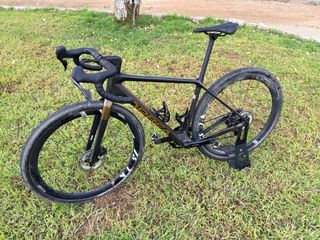 Orbea Terra M20iTeam Gravel Bike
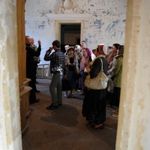 23 апреля 2010 года группа русских паломников из Санкт-Петербурга посетила Сергиевское подворье ИППО в Иерусалиме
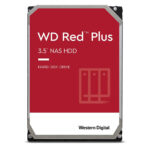 Western Digital 4TB Red Plus SATA3 256MB 24/7 (WD40EFPX)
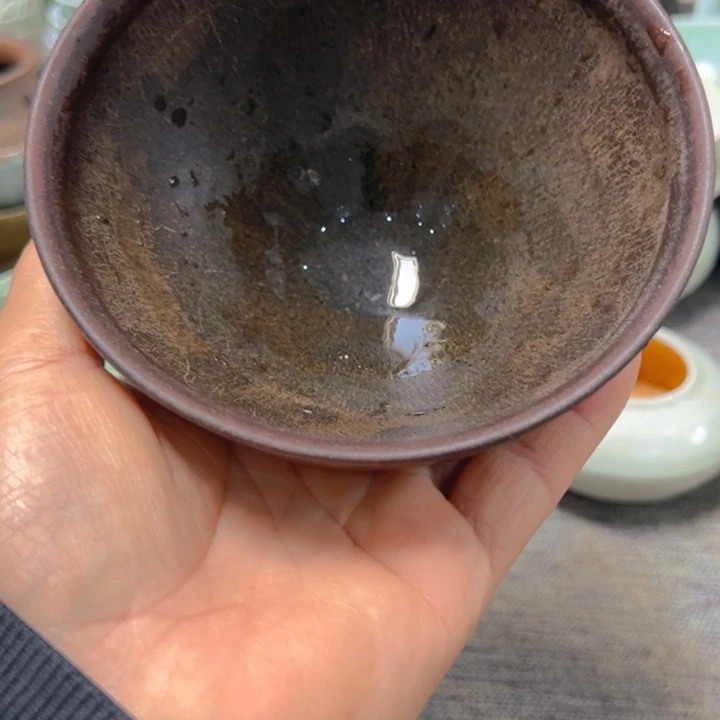 盖碗c*h建盏完整不包邮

● WORK TASK
Drop the images, then copy the data exactly.

● RESPONSE TO THE TASK
 Orbea Terra M20iTeam Gravel Bike
 23 апреля 2010 года группа русских паломников из Санкт-Петербурга посетила Сергиевское подворье ИППО в Иерусалиме
 Western Digital 4TB Red Plus SATA3 256MB 24/7 (WD40EFPX)
 盖碗c*h建盏完整不包邮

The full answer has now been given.